Smaller individuals of this species are like walking pin cushions. The broad, oval carapace (to 23 cm) is flattened dorsally, but has a medial keel. A spinelike projection occurs on the keel at the posterior border of each vertebral. There is also a small spine located near the posterior margin of each pleural scute. Many of these spines become worn down and are lost with age, so that larger individuals are much smoother than juveniles. Anterior and posterior marginals are also somewhat upturned. All vertebrals are broader than long. The carapace is brown with a light streak along the medial keel. The plastron is large and the bridge broad. Both anterior and posterior plastral lobes are narrower than the middle section, and there is a deep anal notch. A spinelike anterior projection occurs on each gular of juveniles, but these become more blunt with age and are lost in adults. The plastral formula is: abd > pect > fem > hum > gul > an. Both axillary and inguinal scutes are present. Plastron and undersides of the marginals are yellow with radiating dark lines on each scute. The head is rather small with a slightly projecting snout and a narrow medial depression flanked on each side by a toothlike cusp on the upper jaw. Posterior head skin may be divided into scales. The head is grayish to brown with a yellow spot near the tympanum. Limbs are gray with some yellow spotting. The forelegs have enlarged overlapping scales on the anterior surface, and the hind feet are clublike with enlarged spinelike scales in adults. Thighs and base of tail also contain spiny tubercles; toes are only partially webbed.

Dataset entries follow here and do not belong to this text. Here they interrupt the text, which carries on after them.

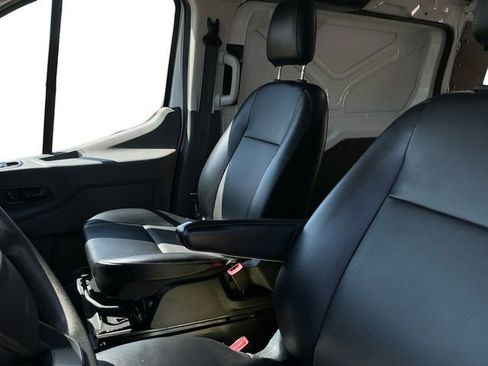 Used 2021 Ford Transit 150 Low Roof w/ Load Area Protection Package image 16
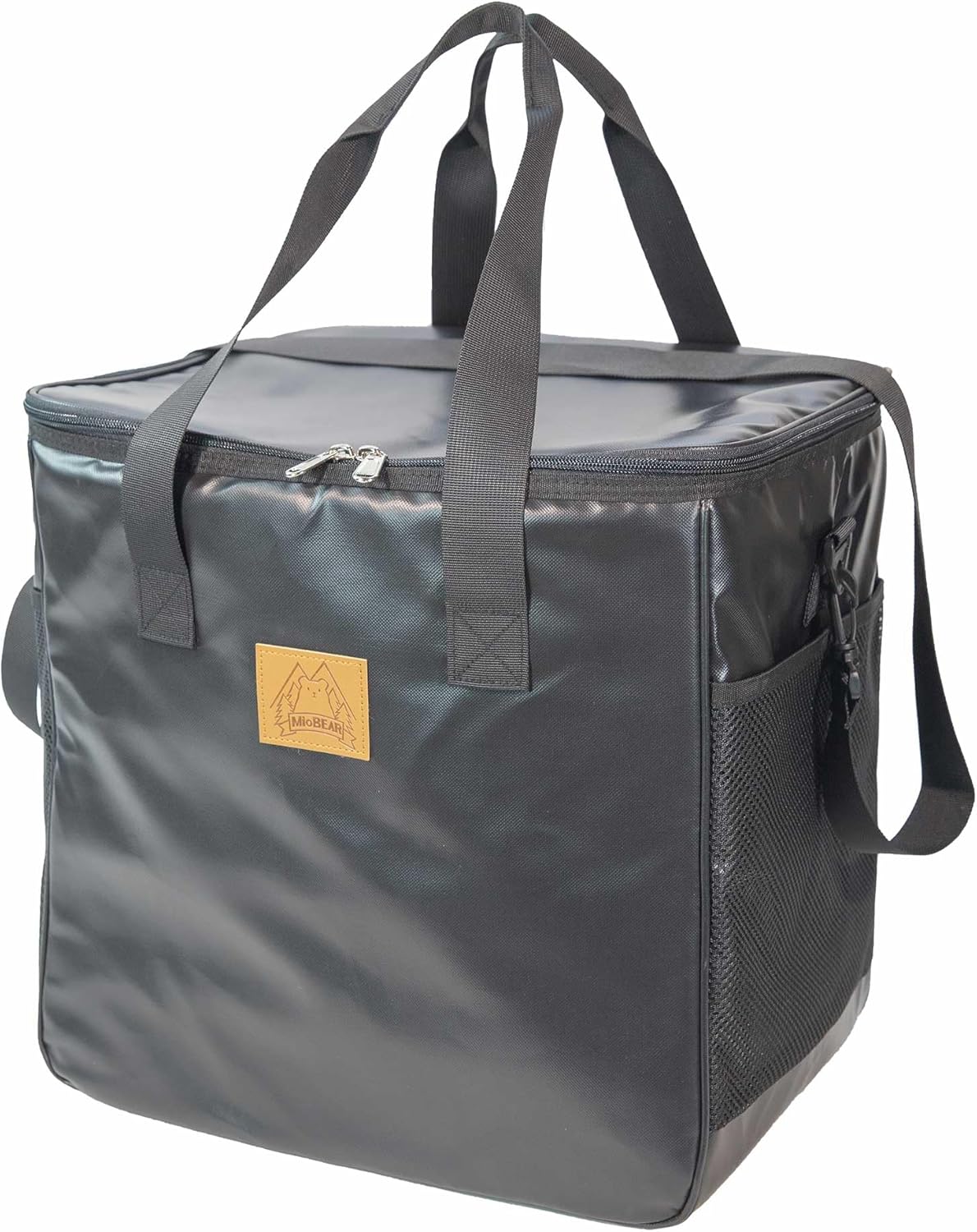 MiOBEAR Large Leakproof Ski Boots Bag - Travel in Style!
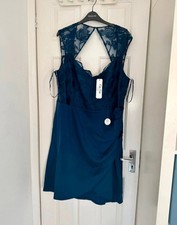 Chi london navy party - navy,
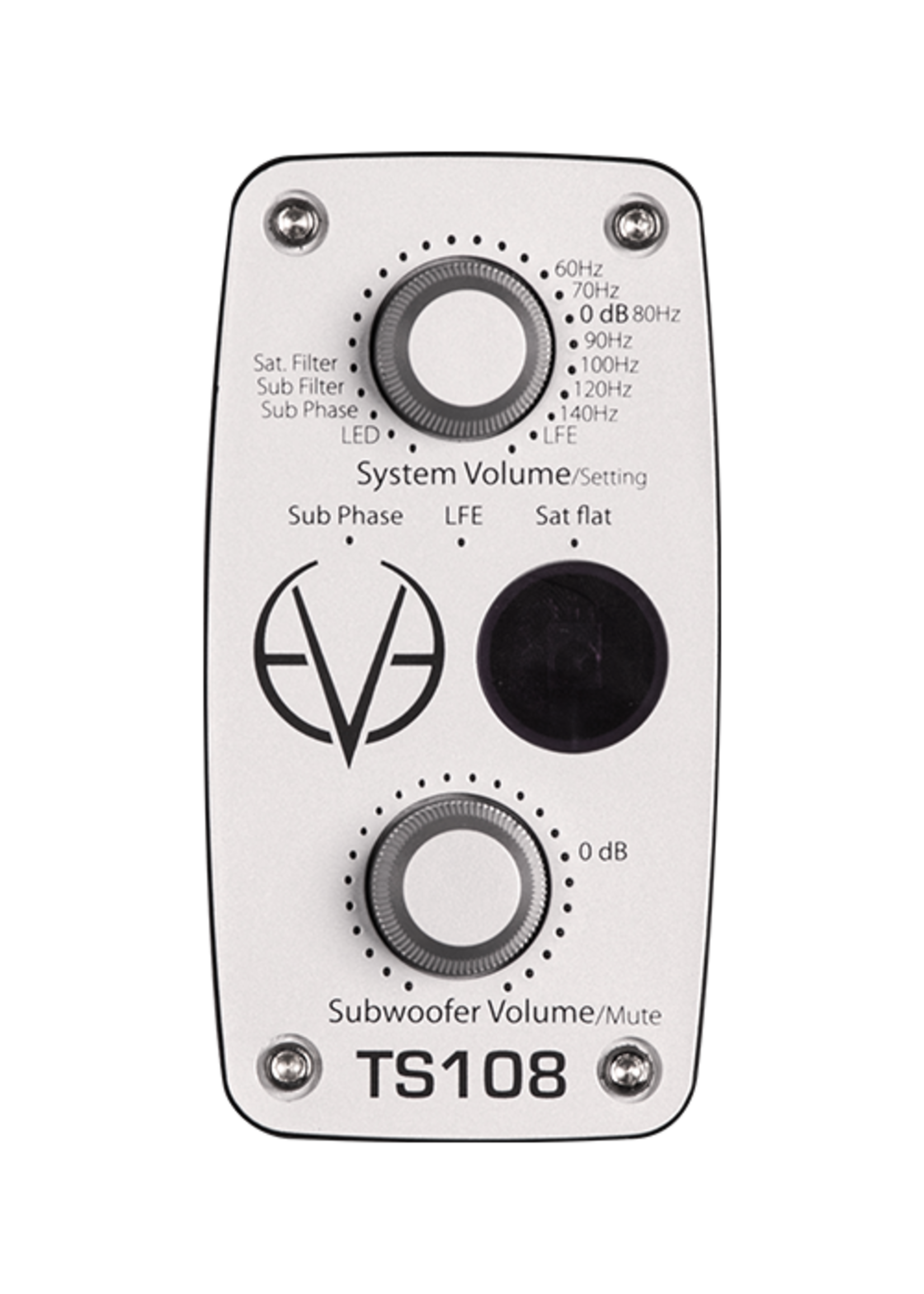 Eve Audio TS108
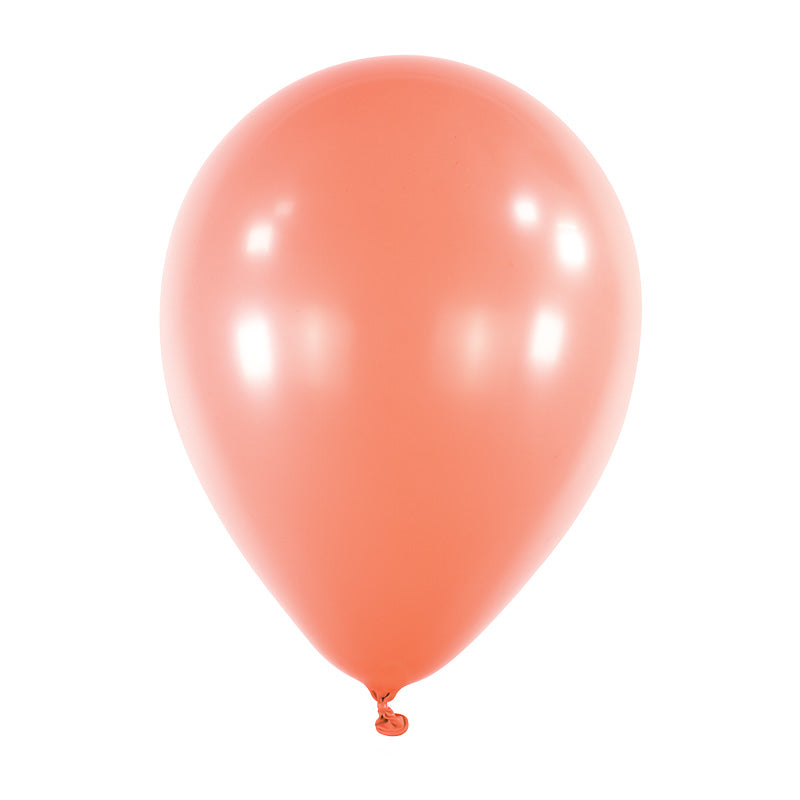 Strawberry Latex Balloon (11 Inch)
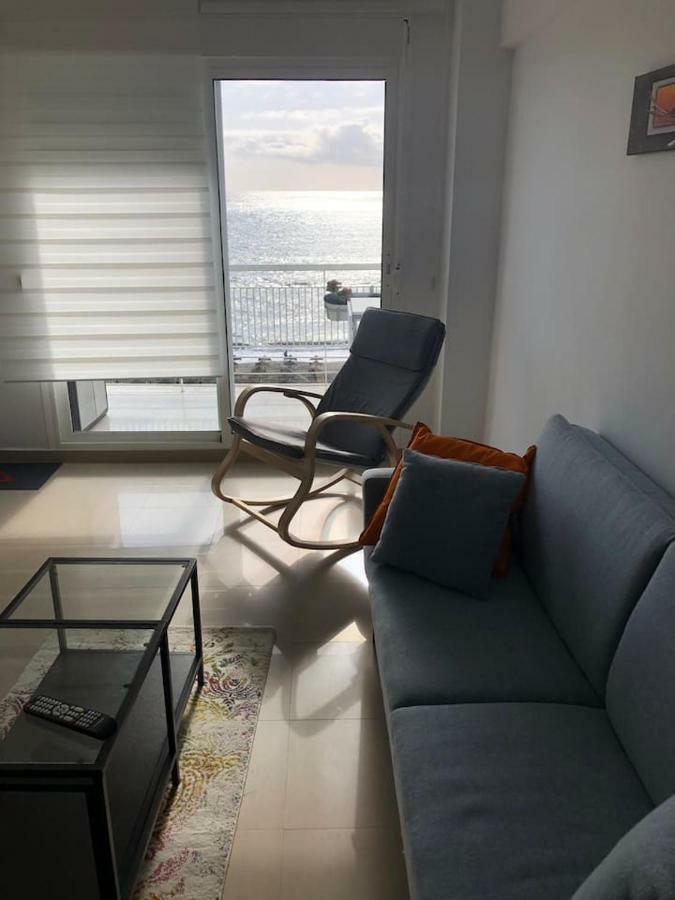 Malagueta's Views Apartment Malaga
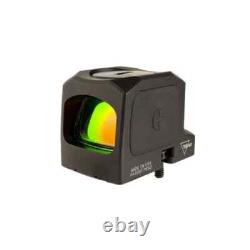 Trijicon RCR Red Dot Sight 3.25 MOA Adjustable LED RCR1-C-3300001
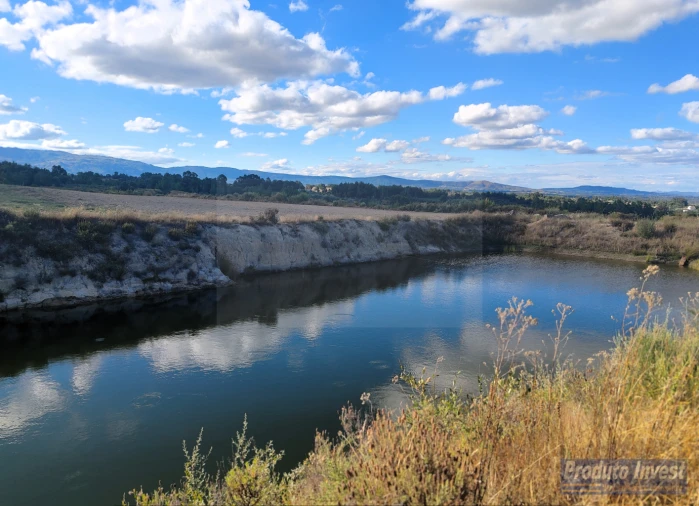 Quinta T0 para Venda em Lardosa Foto 13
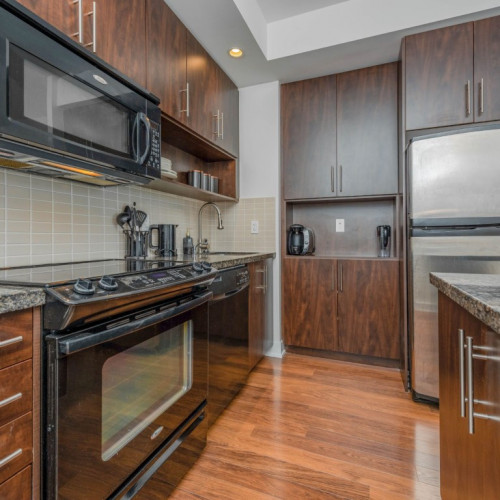 Homewood Ave Apartments - Gallery - 6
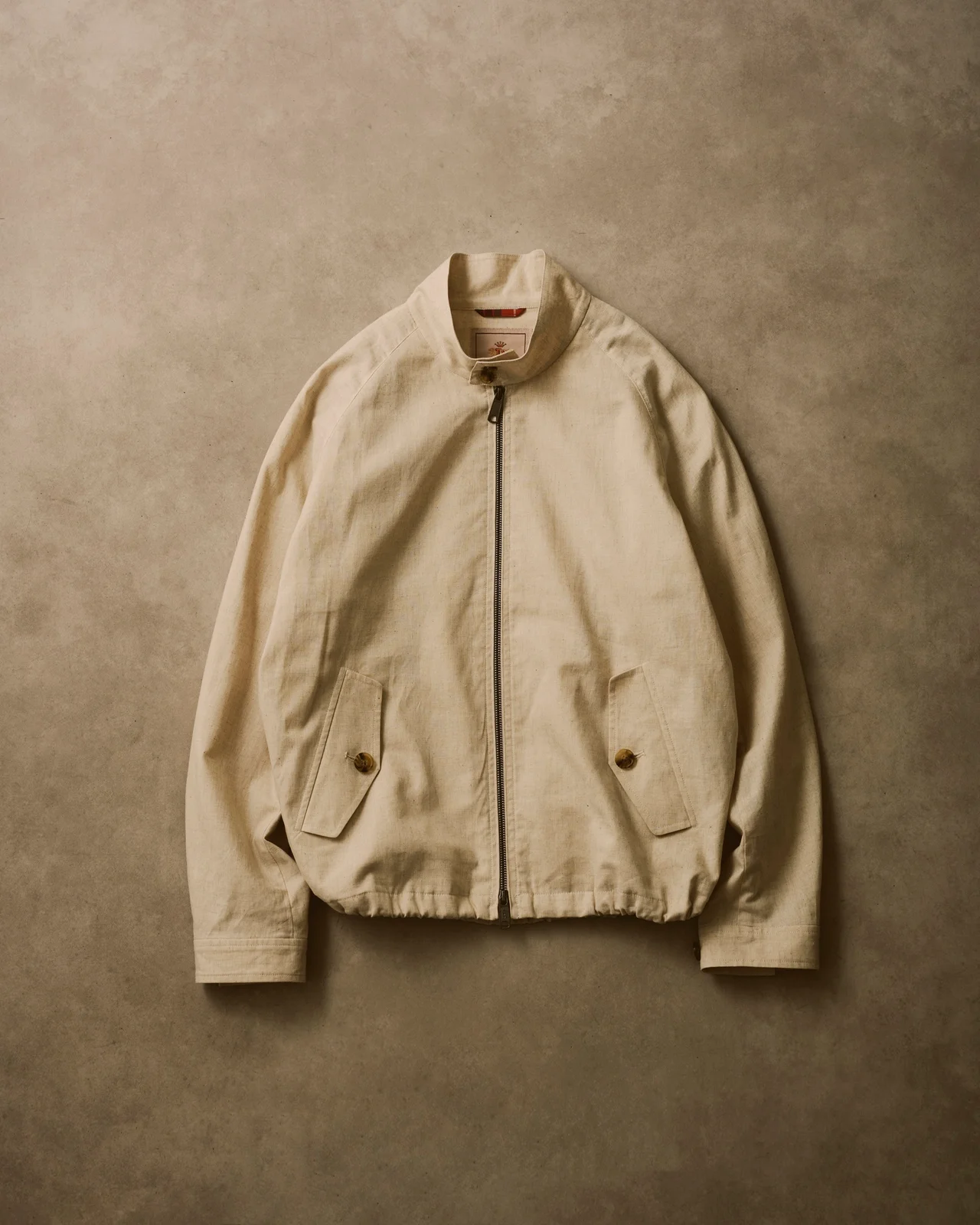 【大人の先取り春アウター】「バラクータ」の画像_5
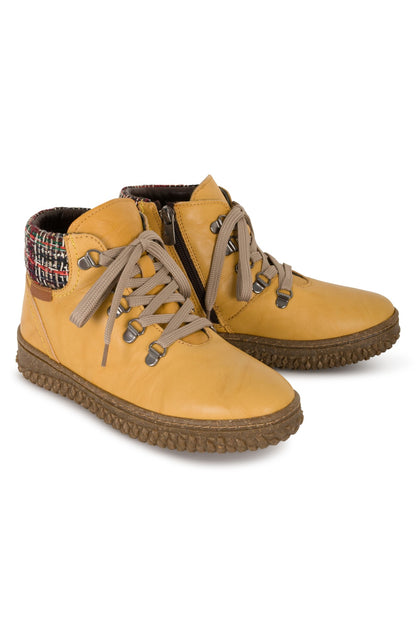 NUTMEG B1|YELLOW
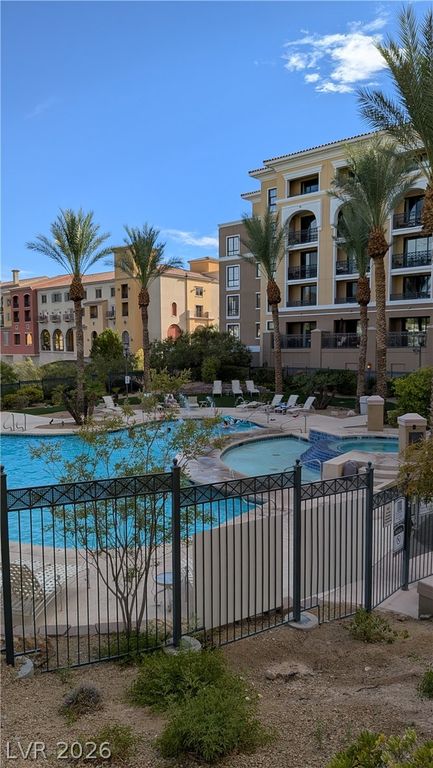29 Montelago Blvd 304, Henderson, NV 89011 — exterior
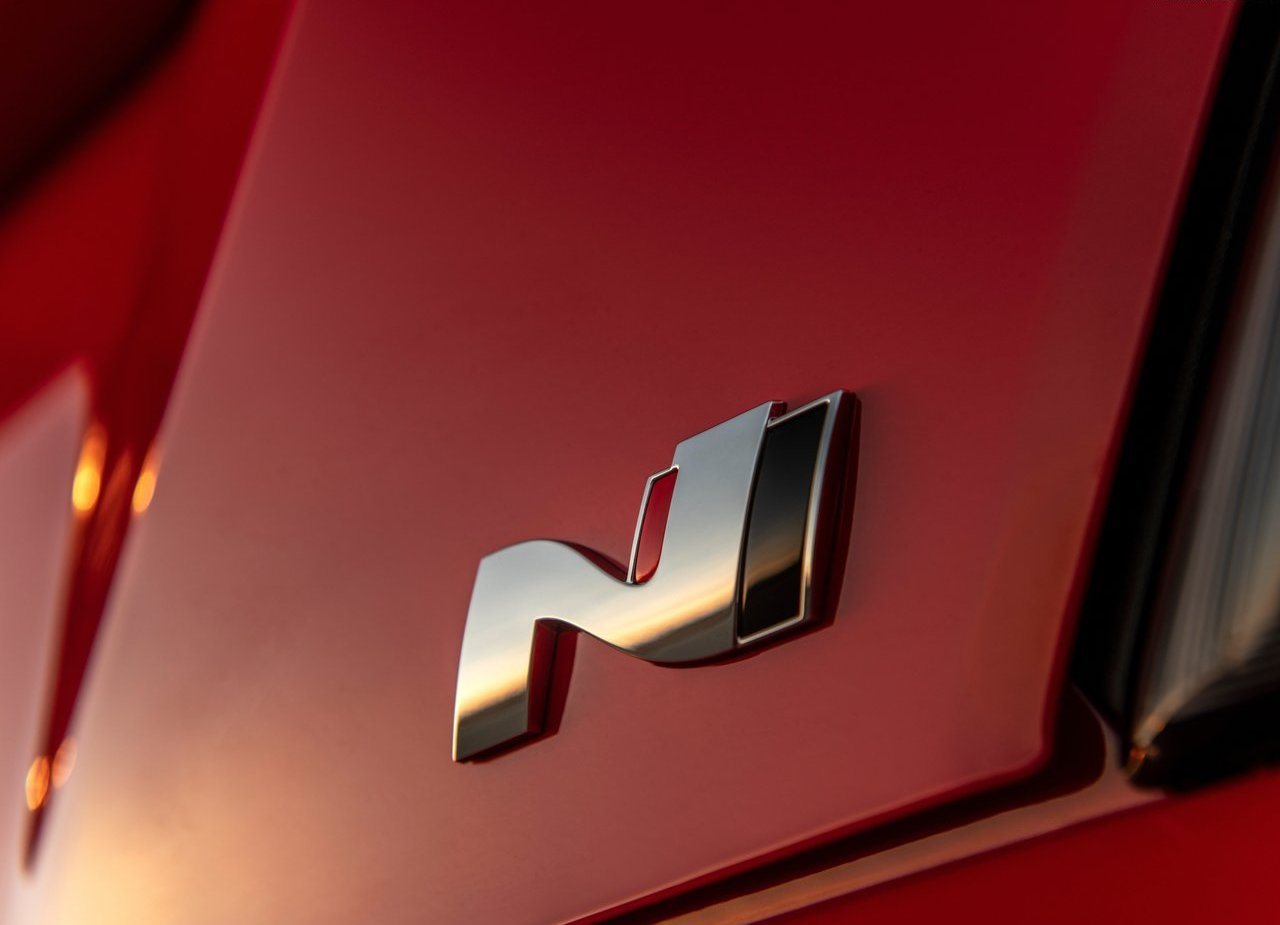 2022 - HYUNDAI KONA N, foto 79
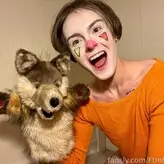 Ftm Matty голая #0007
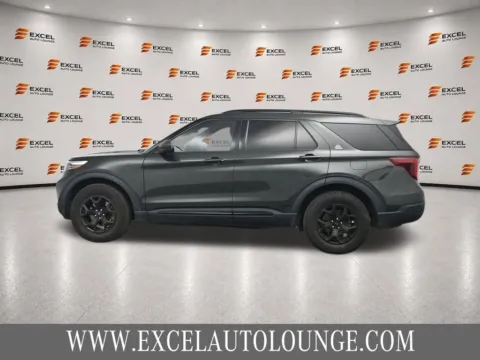 Photos of 2022 Ford Explorer Timberline for sale in Hightstown, NJ at Excel Auto Lounge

Of its 52 chromosomes, 28 are macrochromosomes (18 metacentric or submetacentric, 10 telocentric or subtelocentric) and 24 microchromosomes (Carr and Bickham, 1986).
Males have slightly longer and thicker tails than do females.
Heosemys spinosa ranges from Tenasserim, Myanmar, and southern Thailand southward through Malaysia to Sumatra and Borneo, and numerous small Indonesian Islands. Recently, it also has been reported from Tawitawi (Fritz, 1997) and Mindanao (Das, 1996), Philippines.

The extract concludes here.